• [Exercise instructions] Taking the data below, please print only the lines from the line holding "Hey, it's Amy" to the line holding "8-inch touchscreen, great", inclusive, with pictures omitted.

■ ■ ■ ■ ■ ■ ■

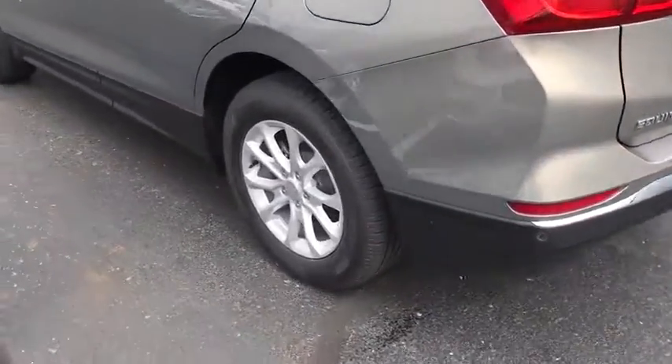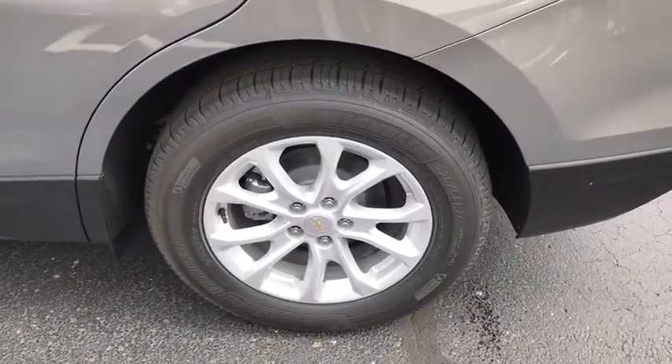Take this vehicle for a spin and see why so many shoppers are now proud owners.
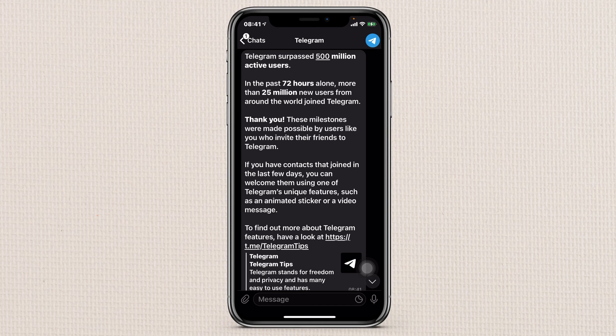The app I'm going to be showing you guys is Telegram. I know a lot of people are going to different places and everybody is trying out different apps right now, but I really think this is a cool app — it is user friendly and really simple to use. Telegram sent users a message saying Telegram surpasses 500 million active users, and in the past 72 hours alone more than 25 million new users from around the world joined Telegram. That is insane.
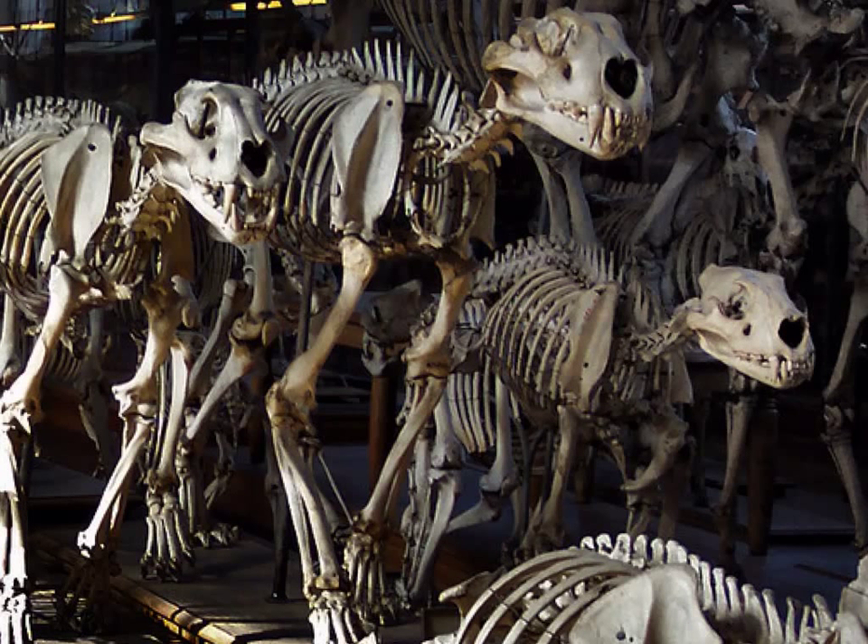Alright class, today's lesson is going to be about vertebrate animals and we're going to discuss the five vertebrate classes. But before we get to that, what is a vertebrate? A vertebrate is an animal that has bones.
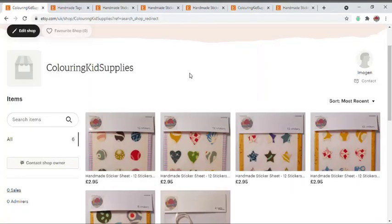Hi everyone, it's Imogen and welcome back to Colouring Kids. Today I have a very exciting announcement which is really special for me because it's something I've wanted to do for a while. As you can see from the screen, I have set up my own Etsy shop and I will be selling all of my stationery.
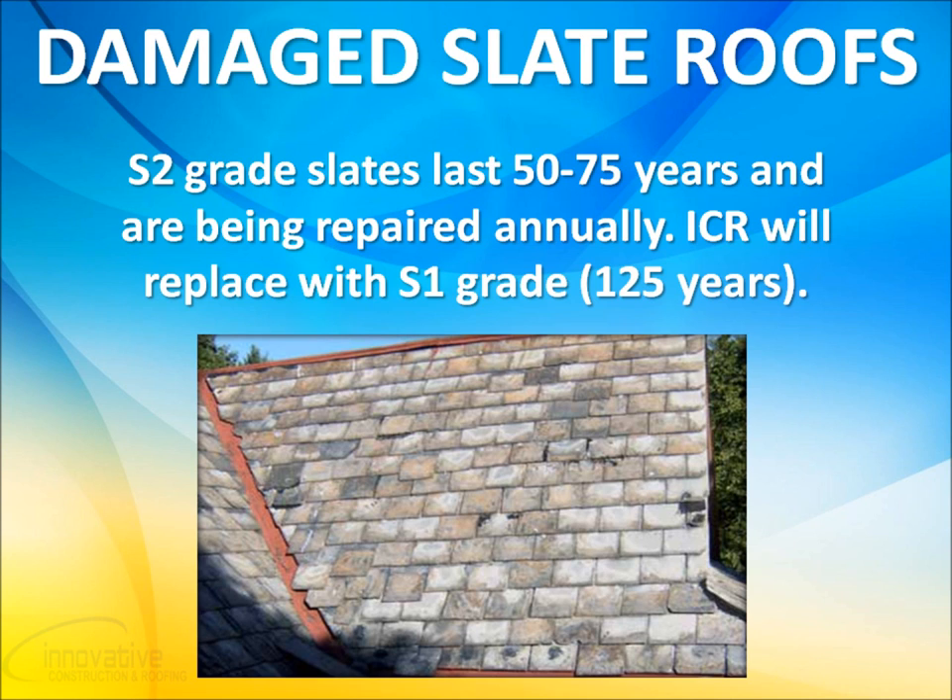If your insurance company approves a full roof replacement, Innovative Construction and Roofing will always install S1 grade slate roof tiles, which are much more durable, having a lifespan of 125 years or more. In this case, you'd be receiving a brand new lifetime roof system for little or no money out of pocket, depending on your insurance premiums.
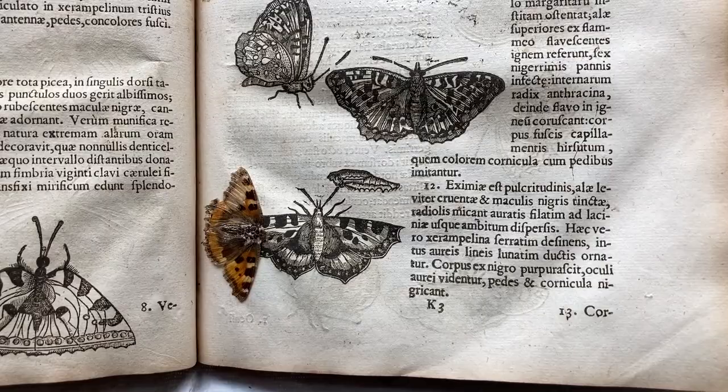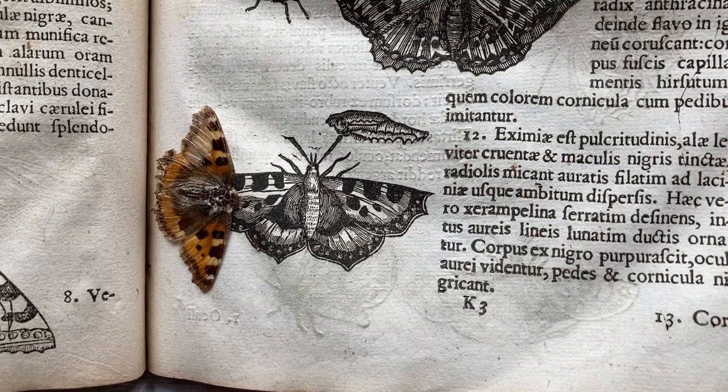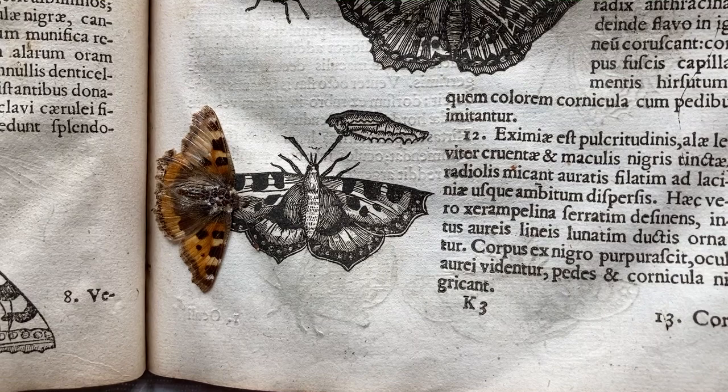It's relatively common to find botanical specimens inside old books, but unusual to find an insect specimen. This one could have been put there by the first owner back in the 17th century, and if so, it's amazing that it survived there for so long.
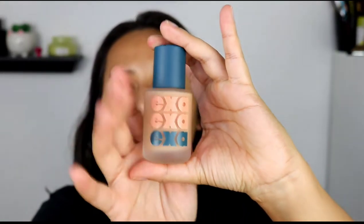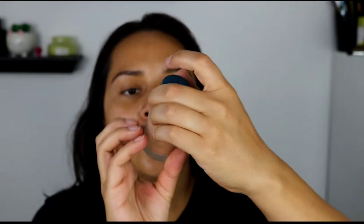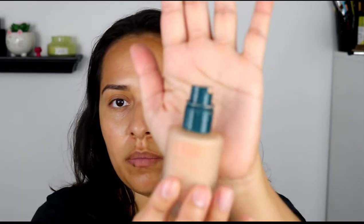So this is the packaging — a frosty glass bottle, cute packaging, $38. I believe it's one fluid ounce. It's got a little green pump. Very simple packaging overall.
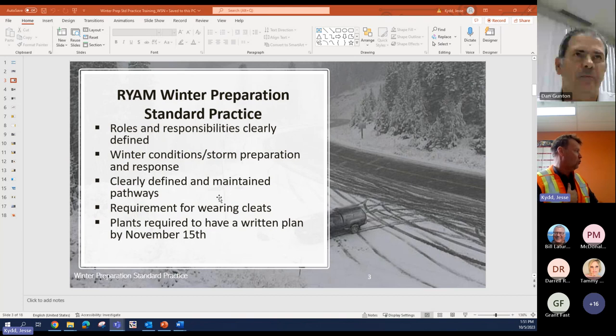We came up with our winter preparation standard practice. What it includes among others: roles and responsibilities are clearly defined for the general manager, superintendents, yard superintendents, health and safety specialists, and employees. We talk about winter conditions and storm preparation and response. We talk about clearly defined and maintained pathways for employees to walk and access various areas of the plant. We talk about requirements for wearing cleats, and of course you want to have this plan reviewed and in place by November 15th — with rollout to supervisors for reviews starting in early October, which is about now.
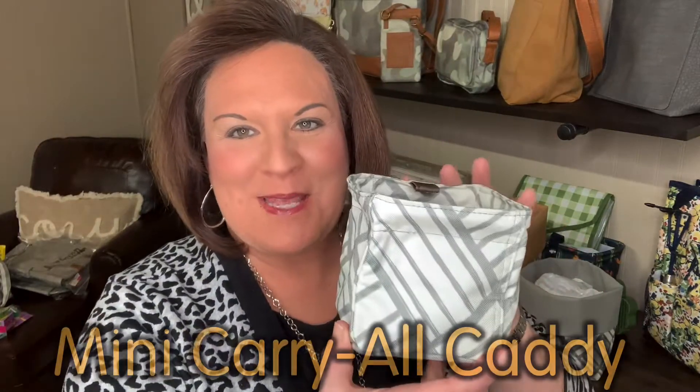Hey, it's Amy Pinkston, your Pink Bag Lady. I'm here to show you three of our new bins and caddies, just to help you out with organization. These are new products in our Spring 2022 line from 31, so let's look at each of these.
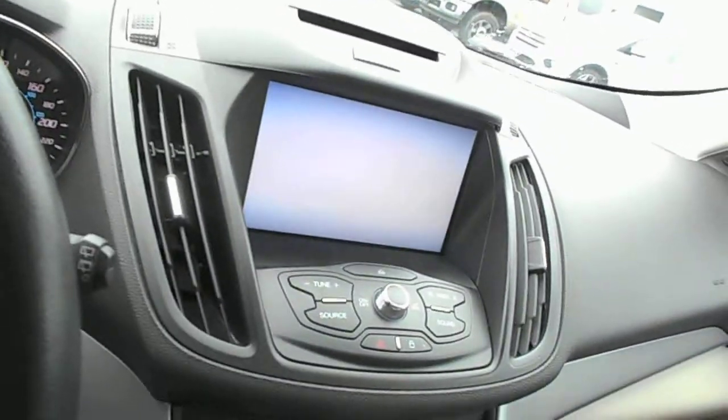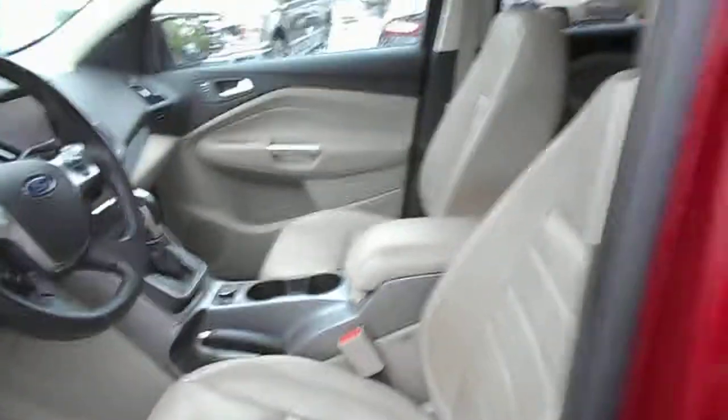8-inch touchscreen, great stereo in this, dual zone automatic temperature controls, heated seats, and again a beautiful tan leather interior with a panoramic sunroof — you're going to love this.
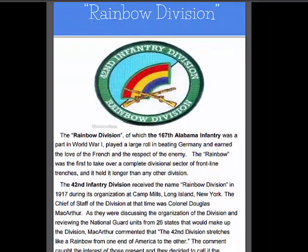The Rainbow Division is one of the most famous Alabama divisions. The 167th Alabama Infantry was part of that, and they played a very instrumental part in World War I in beating the Germans.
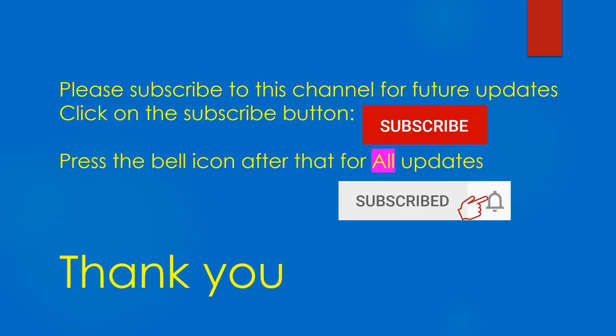Please don't forget to subscribe to this channel for future updates and click on the bell icon for all updates. Thank you.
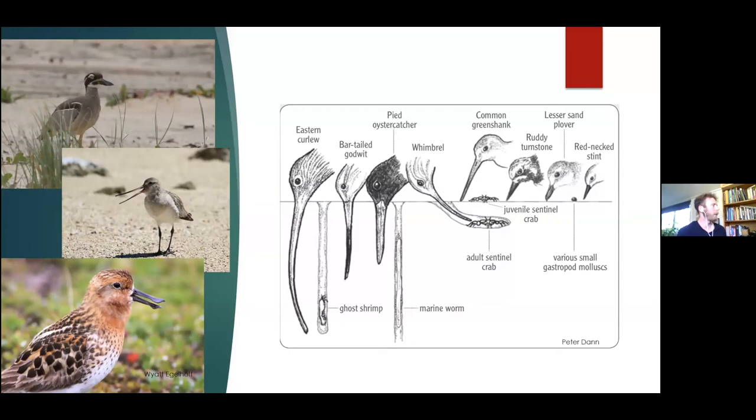The real key to dividing that ecosystem among themselves is their beaks - pretty remarkable in size and shape, and all quite different. The Eastern Curlew with the longest beak can dig down really deep into the sand. They also have nerve endings in the tip of their beak so they can feel things moving, and can actually move their beak to grab things in the sand - they're feeling for food rather than seeing it. The bar-tailed godwit is similar but probes at a different depth, giving further separation. The pied oystercatcher - black and white with a big red beak - has a strong beak for crushing shells like pippies.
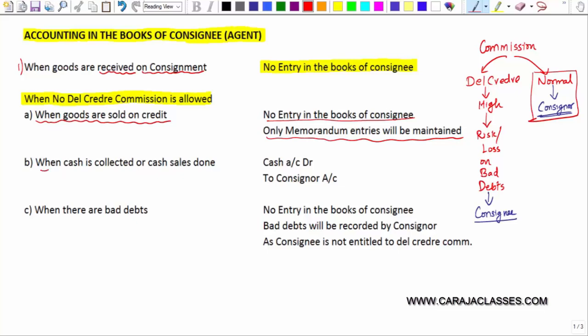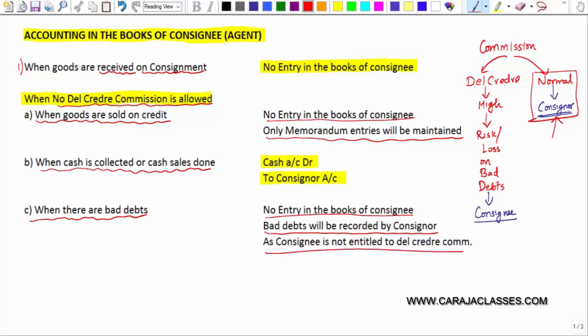When cash is collected or cash sales is done, cash is coming in the hands of consignee, but the owner of that cash is the consignor. So cash account is debited and consignor account is credited. When there are bad debts, since no del credere commission is allowed, it will not affect the consignee at all — there will not be any entry in the books of consignee. The bad debts entry will be recorded by the consignor.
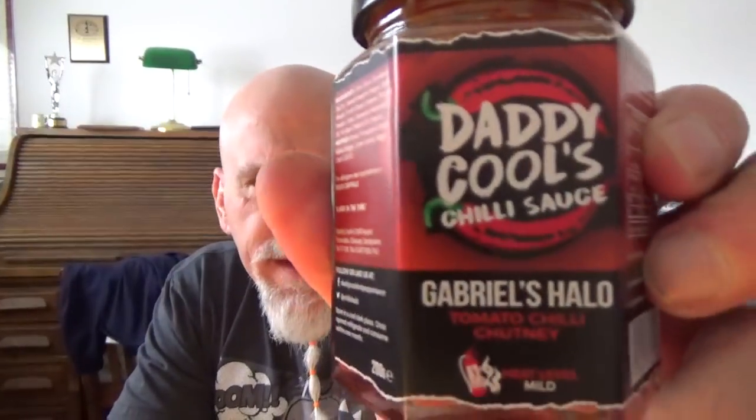Hey everybody, I'm Johnny Scovel and this is Chase to Eat. Look what I've got from the UK, from Daddy Cool's Chili Sauce and my friend Steve Cooley.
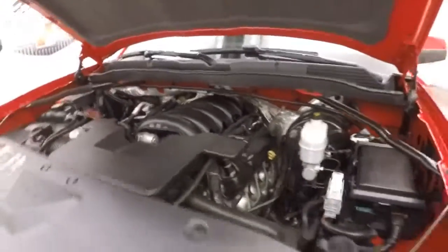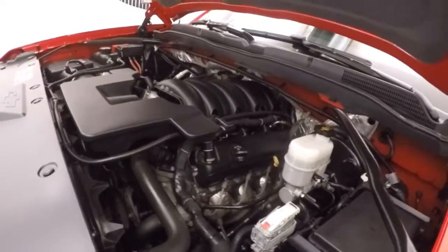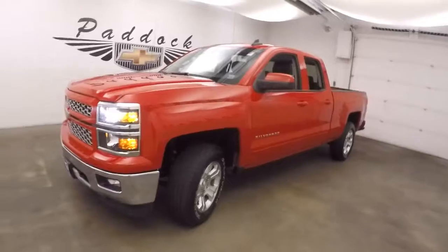Under the hood you have your 5.3 liter. Plenty of power. Good on gas. Runs nice and smooth. 2015 Chevy Silverado 1500 Z71 off-road.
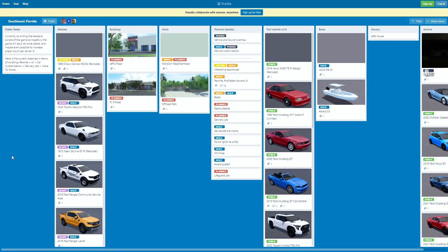Hello guys, welcome back to another video. Today I'll be showing you guys the new Southwest Florida update possibly coming today. Let's start with the cars in Trello.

■ ■ ■ ■ ■ ■ ■

• [Response to this task]
Hey, it's Amy Pinkston, your Pink Bag Lady. I'm here to show you three of our new bins and caddies, just to help you out with organization. These are new products in our Spring 2022 line from 31, so let's look at each of these.
8-inch touchscreen, great stereo in this, dual zone automatic temperature controls, heated seats, and again a beautiful tan leather interior with a panoramic sunroof — you're going to love this.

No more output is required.